** INFORMATION SHOWN follows **

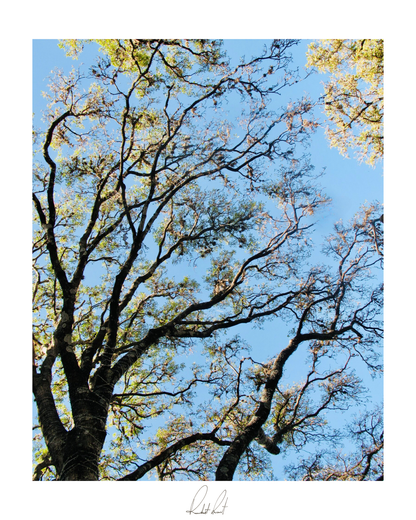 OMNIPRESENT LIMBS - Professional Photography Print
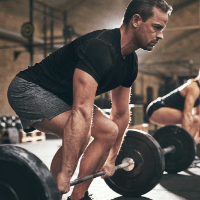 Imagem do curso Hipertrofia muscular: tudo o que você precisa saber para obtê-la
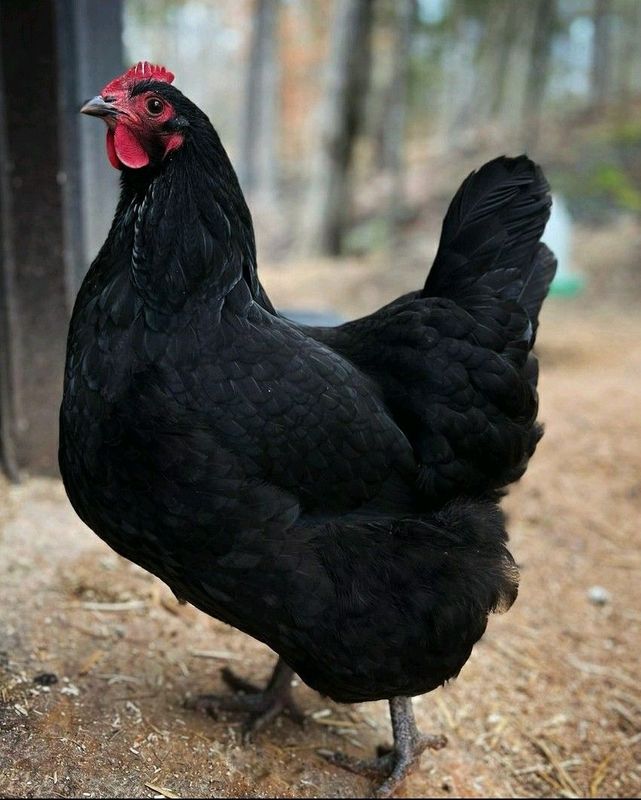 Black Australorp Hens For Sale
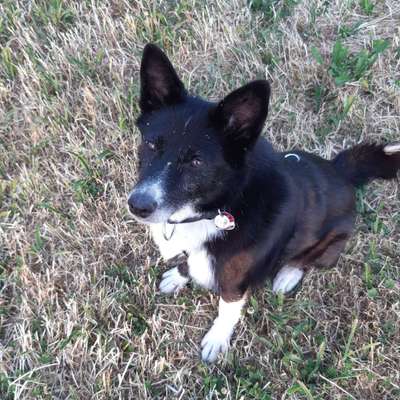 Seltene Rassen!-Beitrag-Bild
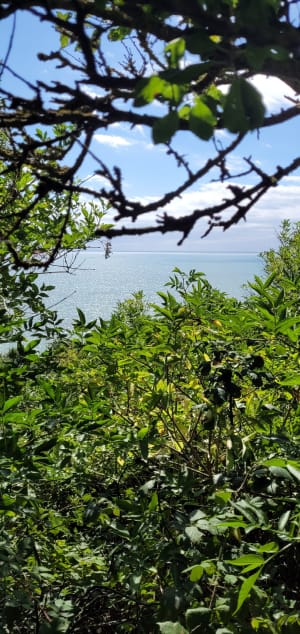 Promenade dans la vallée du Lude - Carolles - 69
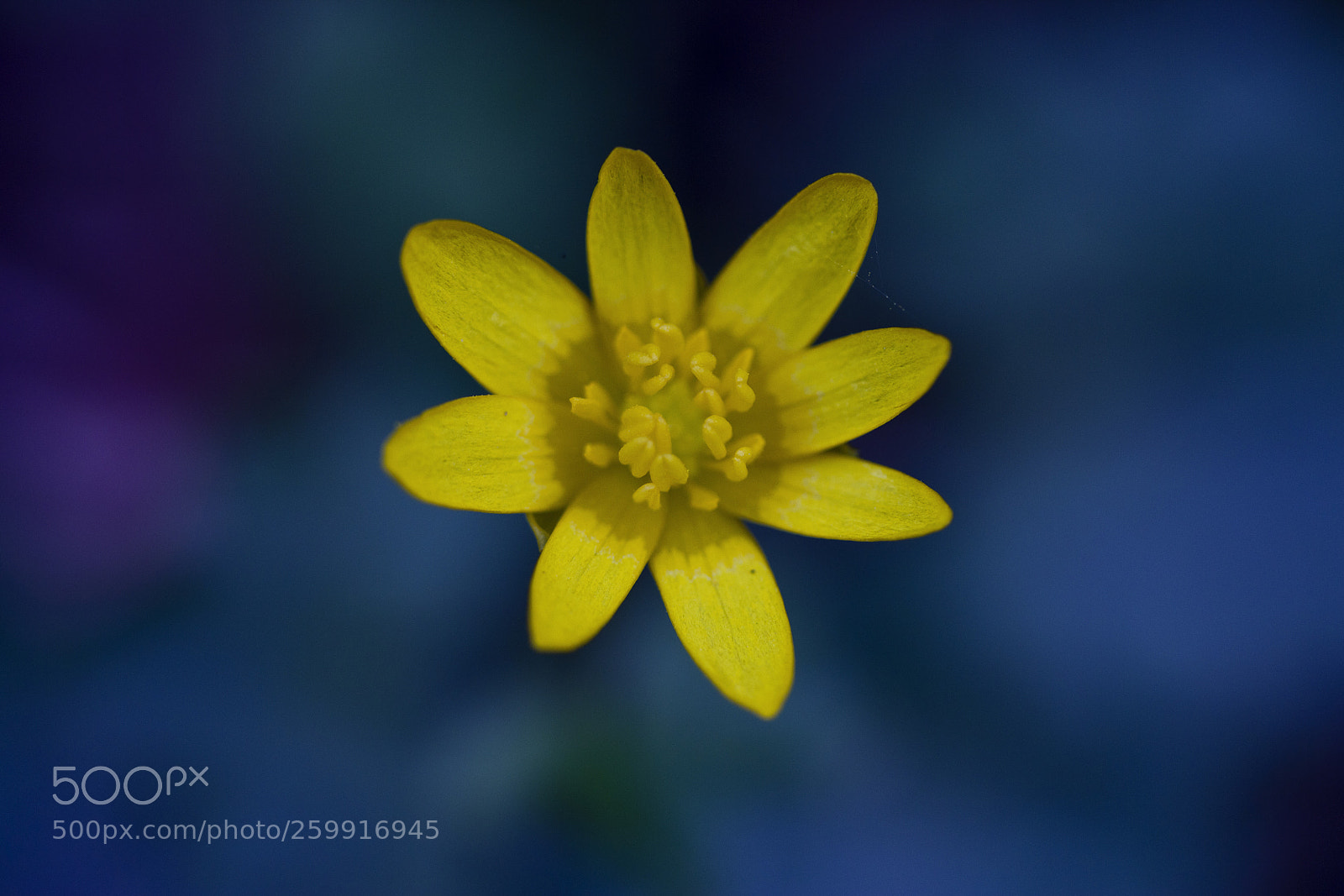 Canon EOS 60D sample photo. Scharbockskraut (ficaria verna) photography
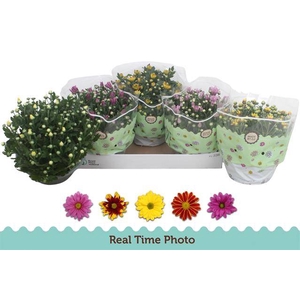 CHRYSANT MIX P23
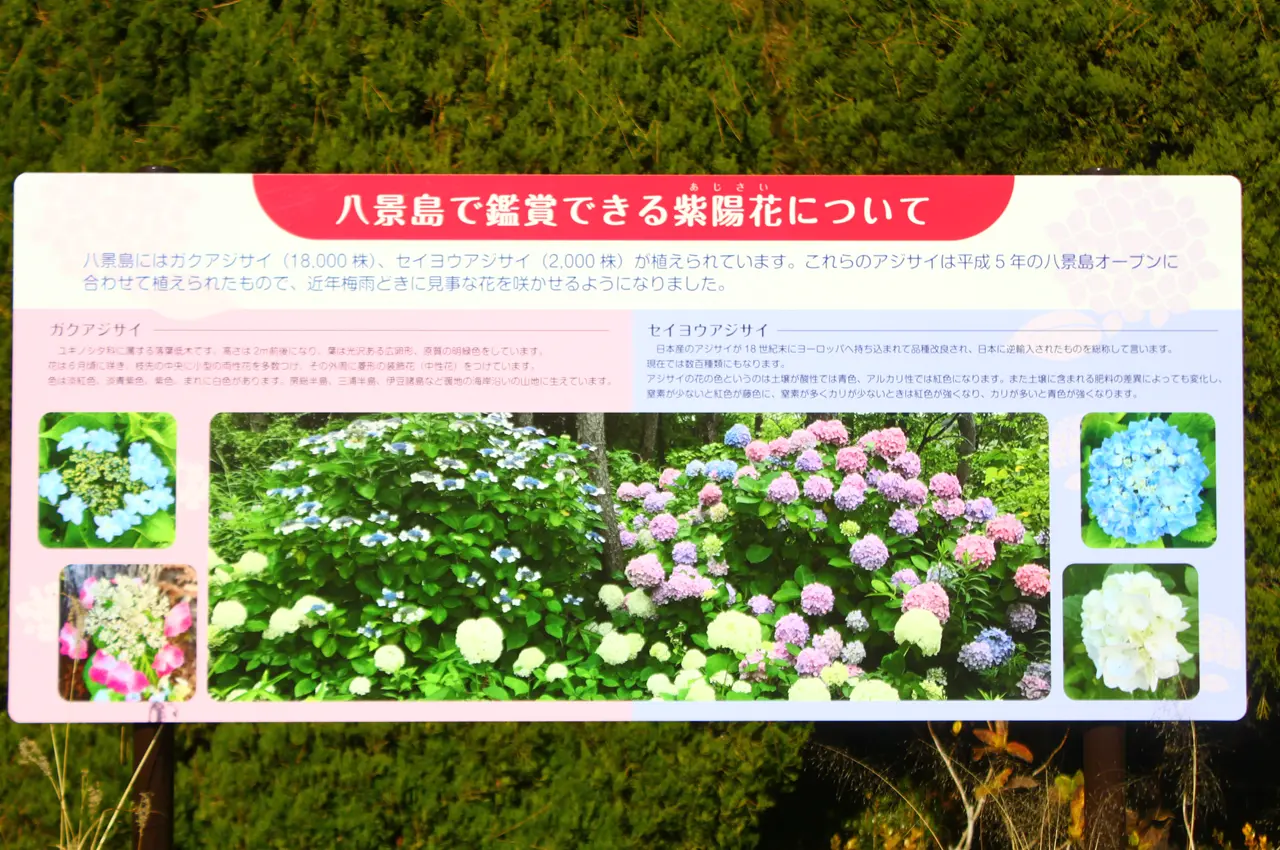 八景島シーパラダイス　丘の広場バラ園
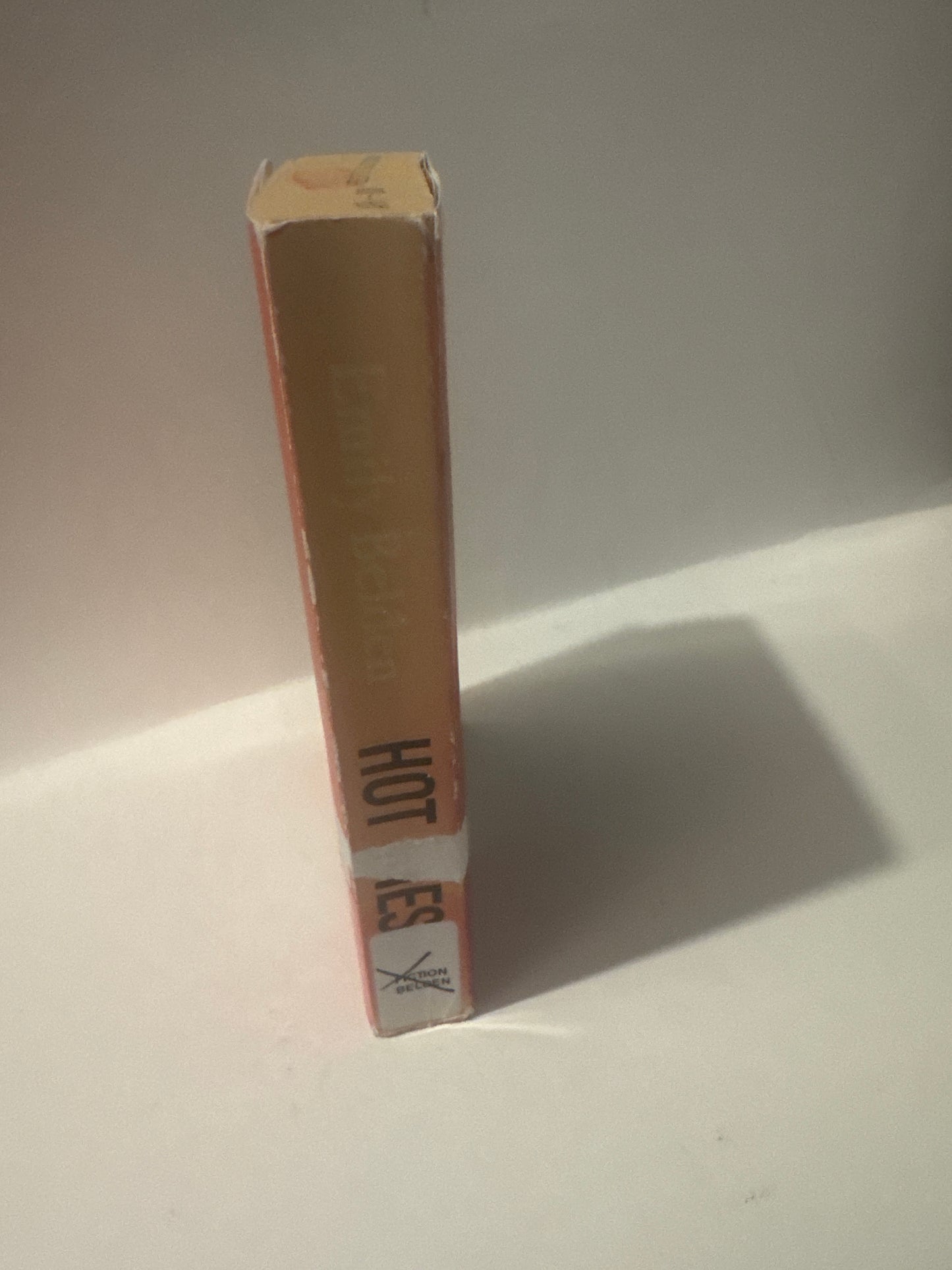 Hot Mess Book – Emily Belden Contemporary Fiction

** End of INFORMATION SHOWN **

* AIM OF THE TASK
Return all of the material above unchanged, minus its pictures.

* EXPECTED ANSWER
 OMNIPRESENT LIMBS - Professional Photography Print
 Imagem do curso Hipertrofia muscular: tudo o que você precisa saber para obtê-la
 Black Australorp Hens For Sale
 Seltene Rassen!-Beitrag-Bild
 Promenade dans la vallée du Lude - Carolles - 69
 Canon EOS 60D sample photo. Scharbockskraut (ficaria verna) photography
 CHRYSANT MIX P23
 八景島シーパラダイス　丘の広場バラ園
 Hot Mess Book – Emily Belden Contemporary Fiction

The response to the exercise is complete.